What size SSD will I need for my laptop?

Hi all,

I have an old Aldi laptop floating around at home, it's my second machine (I have a desktop for home as well) and is currently used for photo editing when I am on trips. I have a ThinkPad issued from work (so don't really need the Aldi laptop for work).

Specs of the laptop are as followed:
Core i5-3317U with HD 4000
16GB DDR3-1600
500GB Harddisk
8GB mSATA SSD (running as cache)
Optical drive / Secondary battery

I am currently thinking of upgrading the Aldi laptop to make it a bit more responsive and am considering putting in some solid state storage on it. Currently, these are some of the upgrades that I can do with the parts that I already have (bought the 850Evo, Kingston and the OCZ during EOFY from eBay, the Toshiba is a second hand item I salvaged from a work device.):

  1. 256GB Toshiba mSATA + 480GB Kingston UV400 SATA
  2. 500GB 850 Evo mSATA + 480GB Kingston UV400 SATA
  3. 1TB Trion 100 SATA
  4. 256GB Toshiba mSATA + 480GB Kingston UV400 SATA
  5. 256GB Toshiba mSATA + 1TB Trion 100 SATA
  6. 500GB 850Evo mSATA + 1TB Trion 100 SATA

Mind you, I will also be building a NUC next week which is mSATA only. The NUC will be accessing data mostly from my NAS so storage capacity of it isn't going to be a big concern. The mSATA drive left will then be used for the NUC.

At the moment, I am leaning towards options 4 and 5 but I am not sure if a 256GB system drive would be sufficient to run LightRoom and Photoshop (my libraries can get quite big depending on the length of the trip).

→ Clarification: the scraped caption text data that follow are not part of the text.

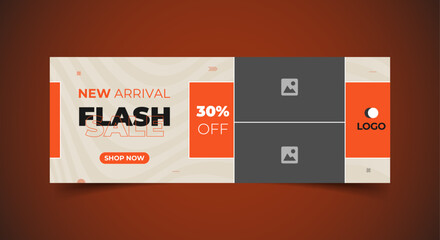 Wall Mural - business facebook cover page timeline web ad banner template with photo place modern layout with ora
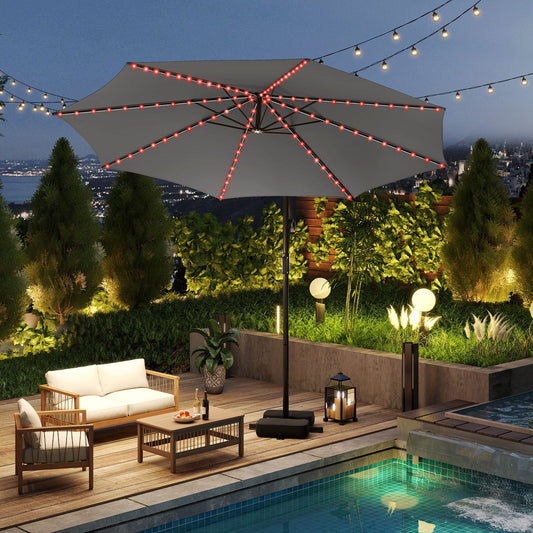 10 Feet Solar Offset Hanging Umbrella with Base and LED Lights-Gray
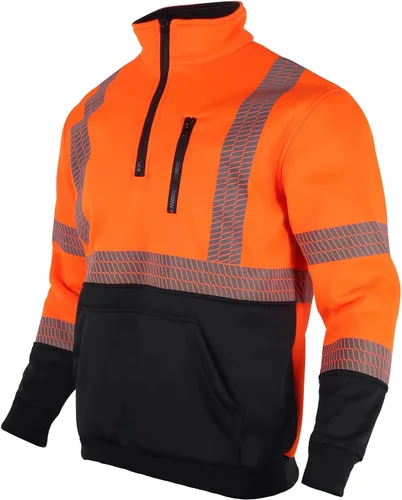 VENDACE Hi Vis - Sudadera reflectante de seguridad para hombres ANSI Clase 3 de alta visibilidad, forro polar con cremallera de 1/4, sin capucha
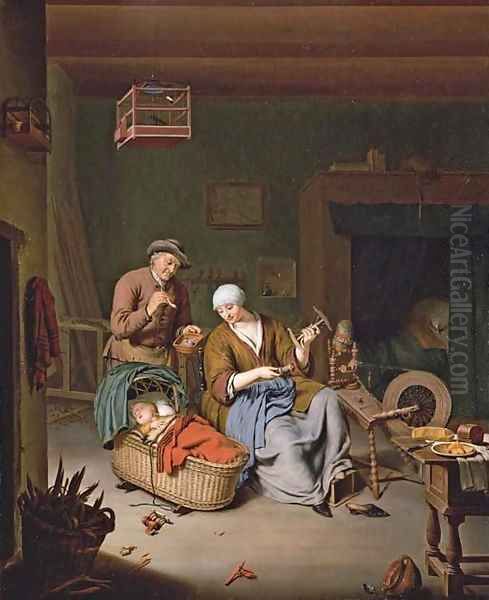 A woman spinning yarn with a baby in a wicker basket and an old man smoking a pipe Oil Painting by Willem Van Mieris Leiden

What would you guys do if you are in my shoes?

Comments

  • Well it sounds like 256GB might not be enough so the fastest 500GB option I guess? Or the 1TB Trion unless it's stupidly slow.

    EVO.

    That's actually a pretty decent spec laptop, it's just a spinning disk means everything is sitting there doing nothing a lot of the time :D

  • Difficult to say what size, as it depends on what size are your photo files, and how many you want to store. Another option: why not have a small, external USB 3.0 drive to store photos you finished, or you want to work with later? Really large capacity external drives are small, do not need extra power brick, and are cheap (and of course relatively slow, but it is OK for archiving). One thing you may or may not be aware: to optimise speed and life of any SSD it should ideally be half empty. One of the best sites to check: http://www.thessdreview.com (in my personal experience EVO 850 is excellent). And, to state the obvious: make sure a drive you want to buy is compatible with the laptop.

  • -1

    get whatever there's a bargain for.

    • The OP asks: "What size SSD". You have not contributed anything.